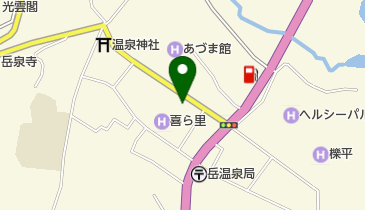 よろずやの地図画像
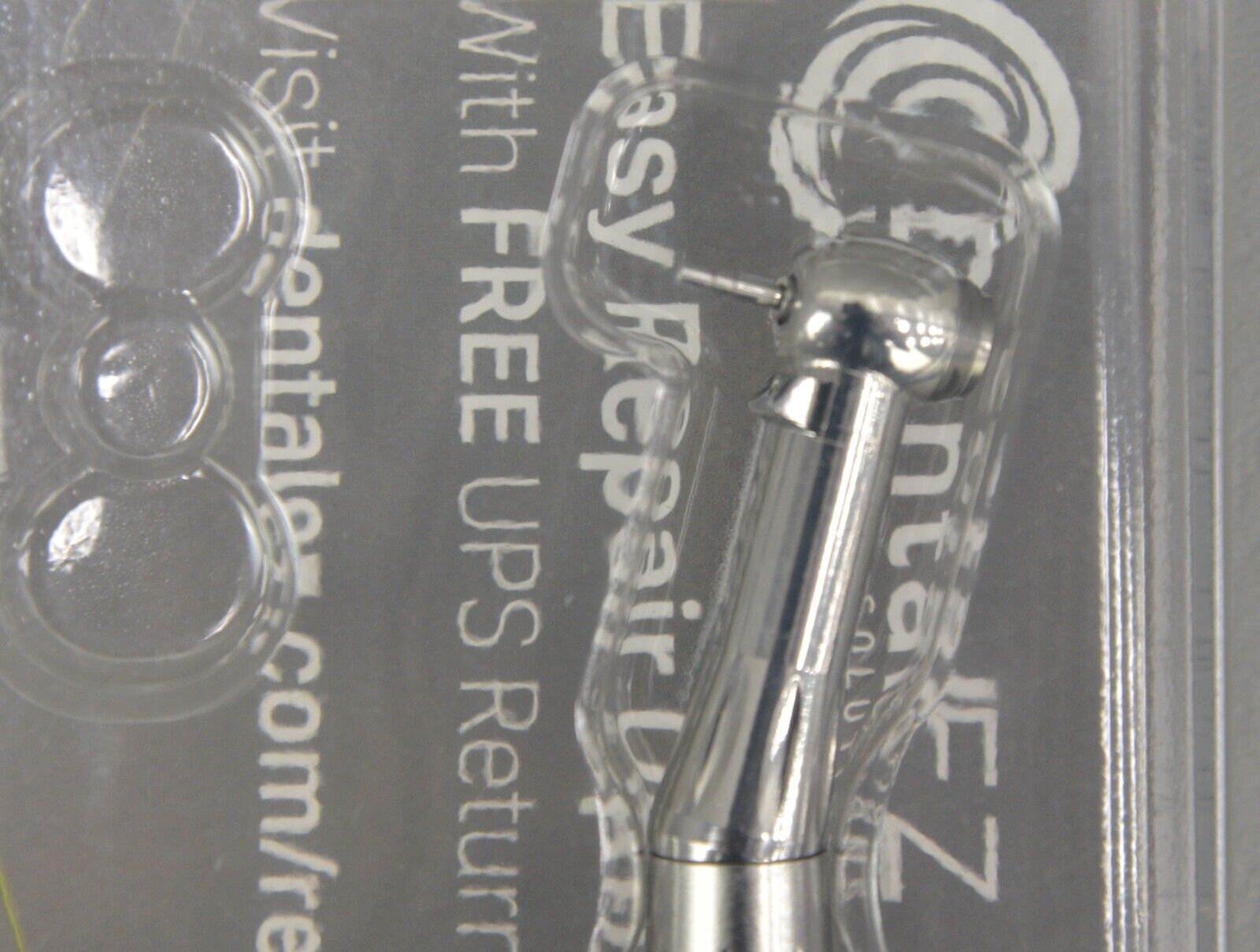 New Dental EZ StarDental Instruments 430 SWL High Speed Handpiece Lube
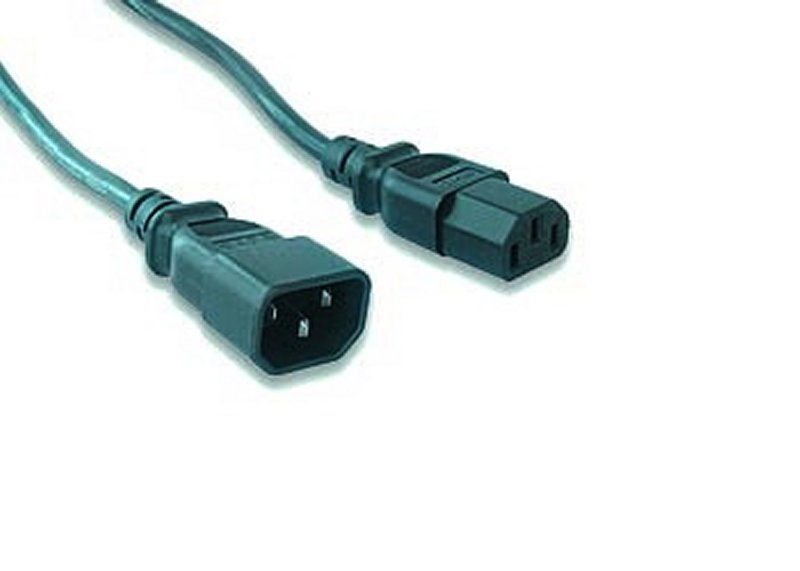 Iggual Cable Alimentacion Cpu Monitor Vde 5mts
####
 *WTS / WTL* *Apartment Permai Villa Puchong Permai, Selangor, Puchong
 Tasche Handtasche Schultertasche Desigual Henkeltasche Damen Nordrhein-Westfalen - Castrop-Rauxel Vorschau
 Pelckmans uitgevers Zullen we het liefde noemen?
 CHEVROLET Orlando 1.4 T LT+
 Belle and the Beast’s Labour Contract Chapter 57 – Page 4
####
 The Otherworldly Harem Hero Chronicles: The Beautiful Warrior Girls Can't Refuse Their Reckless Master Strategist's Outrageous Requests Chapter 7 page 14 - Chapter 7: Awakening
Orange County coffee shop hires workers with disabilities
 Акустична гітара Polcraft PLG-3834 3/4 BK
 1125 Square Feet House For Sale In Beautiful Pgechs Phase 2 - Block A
####
Lines holding the word "Beautiful" should be copied from the entries above.

● **TASK RESULT**:
 The Otherworldly Harem Hero Chronicles: The Beautiful Warrior Girls Can't Refuse Their Reckless Master Strategist's Outrageous Requests Chapter 7 page 14 - Chapter 7: Awakening
 1125 Square Feet House For Sale In Beautiful Pgechs Phase 2 - Block A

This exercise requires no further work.